Despotismo minoritario y tibiómetro al rojo vivo. Por Luciano Videla

Las mayorías se llamaron a silencio en las redes pioneras. Acorraladas por minorías despóticas –algunas odiantes–, sometidas al escrache cuando el tibionómetro se pone rojo, se refugian en Instagram y Tik Tok. En ese ámbito posmo, el voyeurismo no participante es
bienvenido y la pontificación es lo out.

En las redes de la primera década, pocos callan a muchos. Preocupados por las posibles dictaduras de la mayoría, en el siglo XIX teóricos como Tocqueville pensaron una serie de controles cruzados en el ejercicio del poder. Hoy, minorías imponen el nuevo orden.
Los discursos de odio se cuelan en los medios como anomalías. La segmentación de públicos que se vivió con el cable –canales de deportes, de noticias, infantiles, fragmentados en nichos cada vez más específicos– llegó a la política. Los intereses son expuestos.

Se constituyeron televidentes de semejanzas plenas, y ahora las audiencias no perdonan ninguna defección. Cancelan al que dudó. Sin embargo, polarizar no es odiar. Los haters habitan, sobre todo, las redes.

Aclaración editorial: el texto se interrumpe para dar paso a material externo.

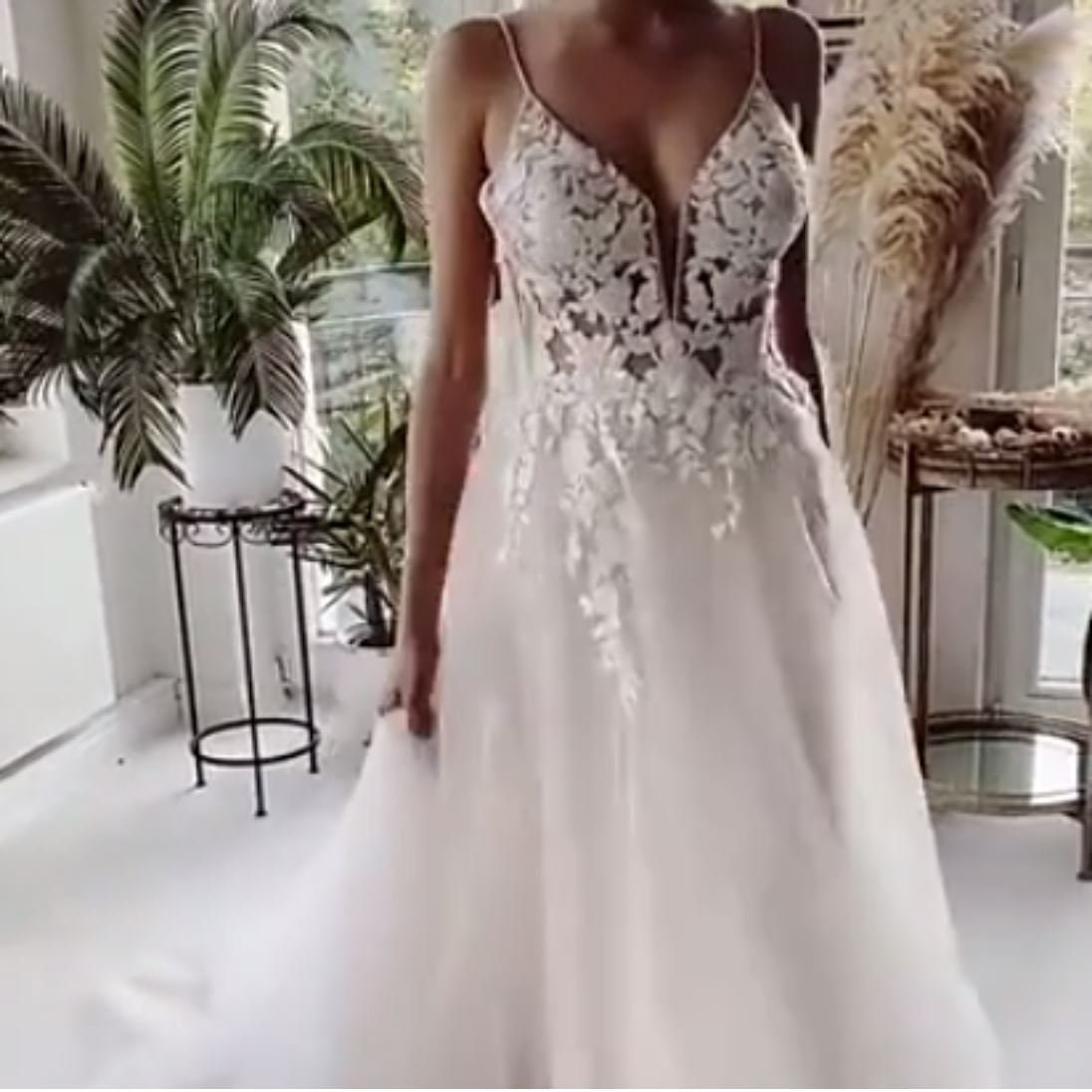 Charming Lace Wedding Dresses Backless Bridal Gowns Beaded Sheer Deep V Neck A Line Sweep Train Tulle robe de mariee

Grupos minúsculos, incapaces en ocasiones de ganar una elección barrial, patrullan con violencia el ecosistema redsocialero. En esta espiral del silencio invertida, son los núcleos duros los que imponen el control social.

Tienen un aliado poderoso: los algoritmos, que como un floculante de pileta forma grumos de suciedad: vistos desde la superficie, son minúsculos. Pero al interior, son uniformes y consistentes. El megusteo endogámico crea la ilusión de consensos.

En los grupos de odio, la otredad son casi todos, pero esos enemigos están unificados por un denominador común: no están esclarecidos. Viven en la oscuridad de aceptar lo establecido. De esa manera, cada argumento contrario se lee como un refuerzo a la idea propia, justamente porque da cuenta que el otro no pudo entender. En este punto, terraplanistas y odiadores comparten su orgullo minoritario. Existe la tentación de confundir el canal con el fondo. Haters y minorías iluminadas hubo siempre. El magnicidio en grado de tentativa que padeció la Argentina en 2022 es aterrador y conmocionante.

Pero no actualiza la teoría de la aguja hipodérmica. No son (solo) las redes y los medios. Por eso la solución a los discursos de odio difícilmente pase por el ejercicio del poder coercitivo del Estado –mediante regulación y castigo. Antes bien, muy probablemente reforzaría la marginalidad que los enorgullece.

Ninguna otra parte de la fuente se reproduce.